L’autonomia è un modo diverso di rappresentare l’organizzazione della società. E’ interessante che oggi in Marocco se ne parli e non solo in relazione alla situazione del Sahara Occidentale, che pure dal 1972 rivendica – senz’esito – l’indipendenza. Ne sono seguiti anni di guerra, campi con decine di migliaia di profughi, un armistizio concordato con la comunità internazionale in attesa di un referendum sull’autodeterminazione mai realizzato. Una situazione di stallo, determinata da complessi giochi di alleanze internazionali che poi si sono liquefatti con il mutare della storia ed il cadere dei muri. Ma Il Sahara Occidentale è ancora lì, nell’elenco dei paesi non riconosciuti delle Nazioni Unite. Ma dell’autonomia come forma di governo per l’insieme del paese.
Nei mesi scorsi, effetto magico della primavera araba, la svolta. Il concetto di autogoverno regionale viene introdotto per volontà della monarchia alauita nella nuova Costituzione del Marocco. Che cosa concretamente significhi questa parola, qui in Marocco, non è affatto chiaro.
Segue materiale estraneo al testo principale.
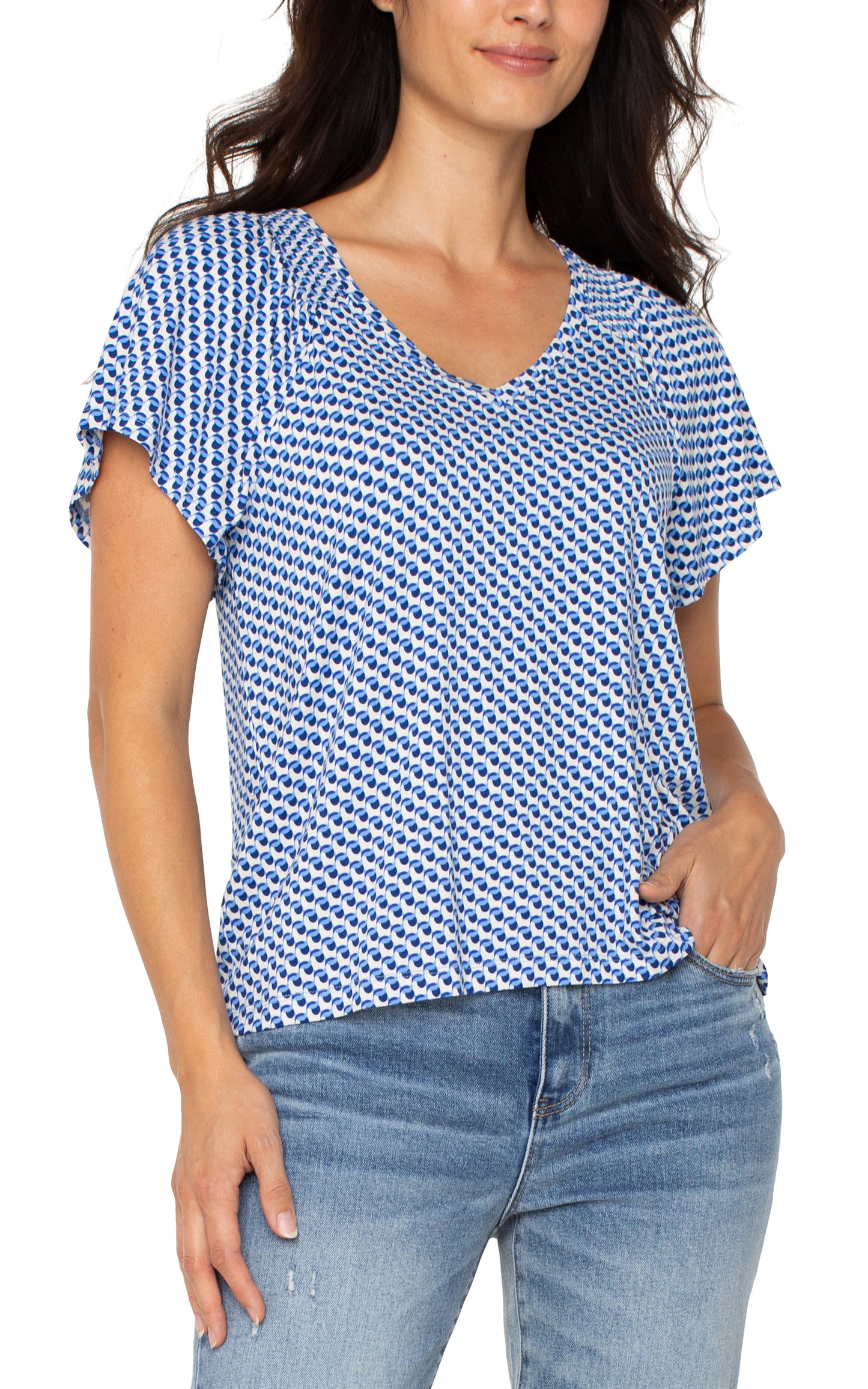 BLUE GEO TEE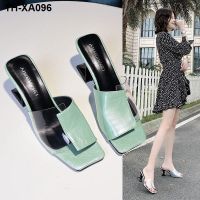 summer slippers female fashion square and pure fresh girl open-toed sandals han edition joker web celebrity thick with outer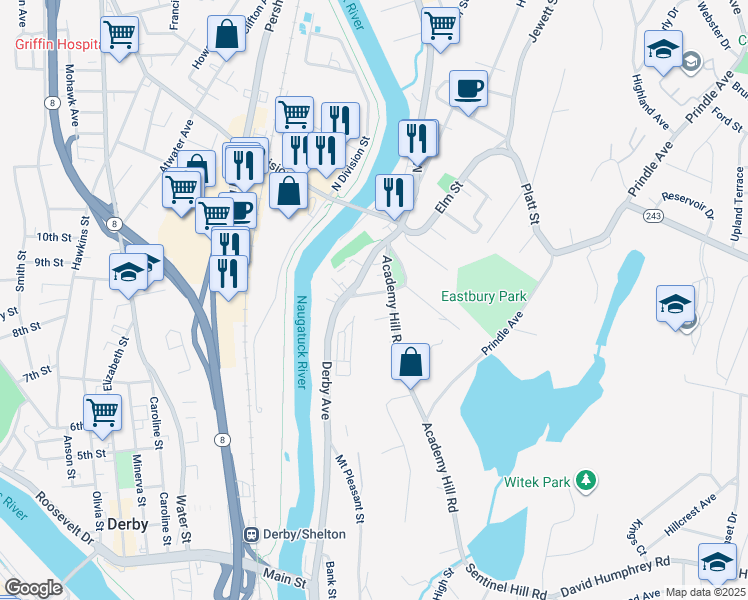 map of restaurants, bars, coffee shops, grocery stores, and more near 14 Mansfield Street in Derby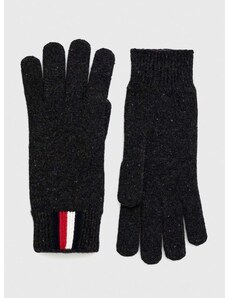 Вълнени ръкавици Tommy Hilfiger в черно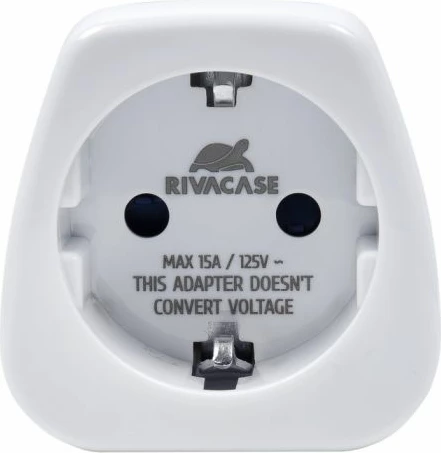 Adapter udhëtimi RivaCase PS4301 EU në US, 100-250V, 15A, i bardhë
Declinarla in competenze locali, partecipazione responsabile, valorizzazione delle culture e delle unicità di ogni territorio, è un percorso niente affatto scontato e tutto da costruire. Un complesso equilibrio fatto di cessione di poteri, riorganizzazione istituzionale, un diverso rapporto fra i cittadini e la pubblica amministrazione, crescita culturale e formazione di una nuova classe dirigente.
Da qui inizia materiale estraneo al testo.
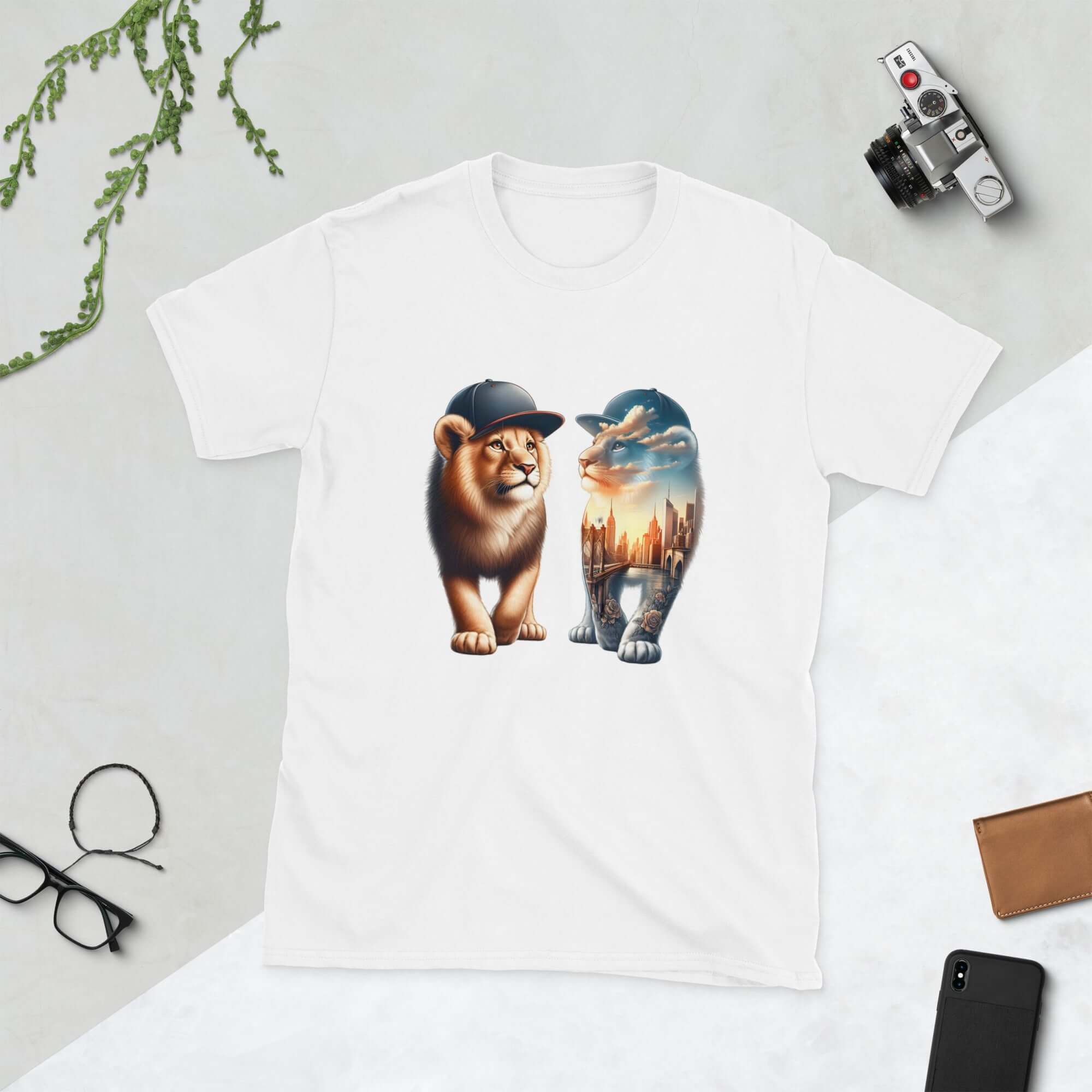 New York Lion - Animal Art Apparel Short-Sleeve Unisex T-Shirt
Abdelali, Amid, Hassan, Issami, Mustafà e tanti altri testimoniano di un contributo importante che può venire dai migranti, che va ben al di là delle pur considerevoli rimesse che ogni anno inviano alle loro famiglie e che pure potrebbero costituire un’opportunità da valorizzare se solo le nostre Casse Rurali ne cogliessero la potenzialità. Un contributo che viene dall’incrocio degli sguardi, quel che ti capita quando guardi la tua terra da angolazioni diverse, dandoti perciò una profondità diversa. Ed avvalendosi della fantasia che le relazioni portano con sé, insieme alle opportunità di scambio e di conoscenza che della cooperazione internazionale dovrebbe essere l’essenza, ben oltre la logica degli aiuti umanitari. A tutto questo dovrebbe corrispondere un cambio nella gestione politica ed amministrativa delle comunità locali, fino ad oggi segnata da un assetto piramidale dello stato che uccide l’innovazione e la creatività.
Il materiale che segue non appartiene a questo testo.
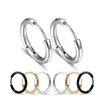 1 Piece Women Man Stainless Steel Small Hoops Earring Piercing Ear Cartilage Tragus Simple Thin Circle Anti-allergic Buckle
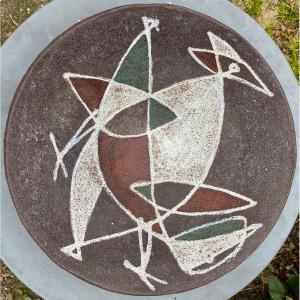 Grande coupe aux poissons des potiers d'Accolay vers 1950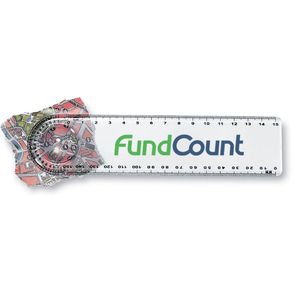 LASTA Multifunctional 15cm Ruler with Magnifier & Protractor - GiftRetail KC3102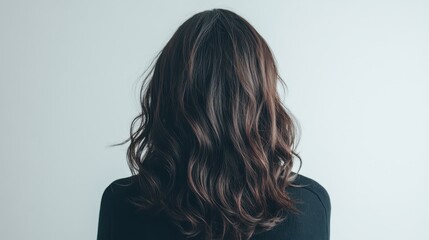 Obraz premium Beautiful model girl with Brown hair strand,silky healthy chestnut wavy hair strand isolated on white background,hair wavy ribbon, with smooth texture,vibrant shine,brunette hairpiece, hairy ribbon.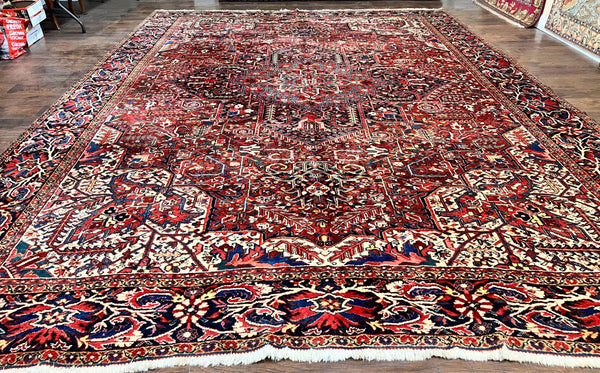 Large Persian Rug 10x17, Open Field, Red and Navy Blue, Palace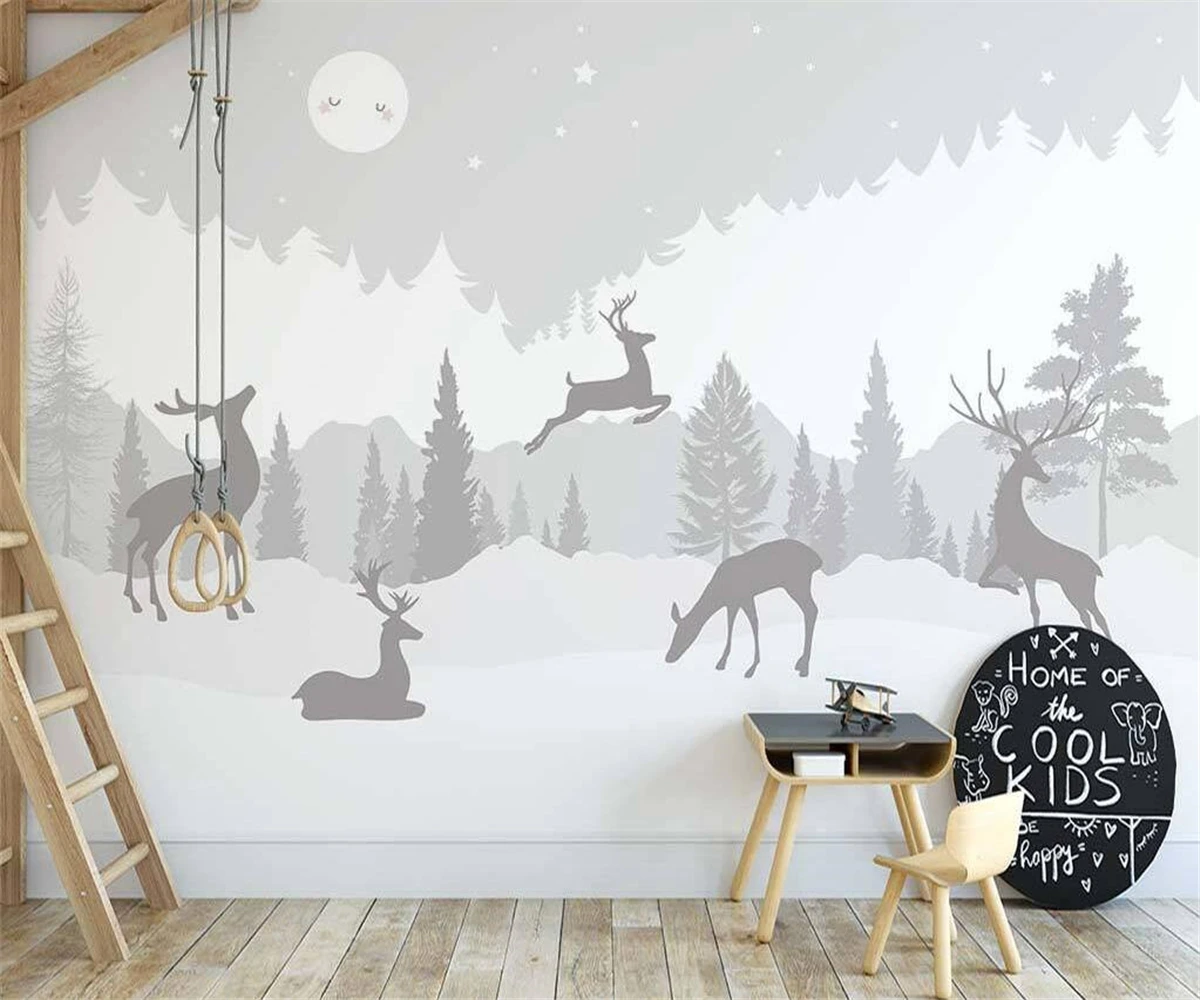 Custom mural Nordic hand-painted cartoon forest elk children's room bedroom home background wall 3d wallpaper papel de parede 50 sheets pack washi paper sticker set hand account magazine series hand painted cartoon material decorative stickers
Avverto nelle loro parole l’entusiasmo di sentirsi forse per la prima volta protagonisti nella loro terra. Che tutto questo possa partire da una piccola realtà agricola come Kelăat Es-Sraghna può sembrare impossibile, ma la rivolta della "dignità" partita da un piccolo villaggio della Tunisia ha saputo arrivare fino a Wall Street.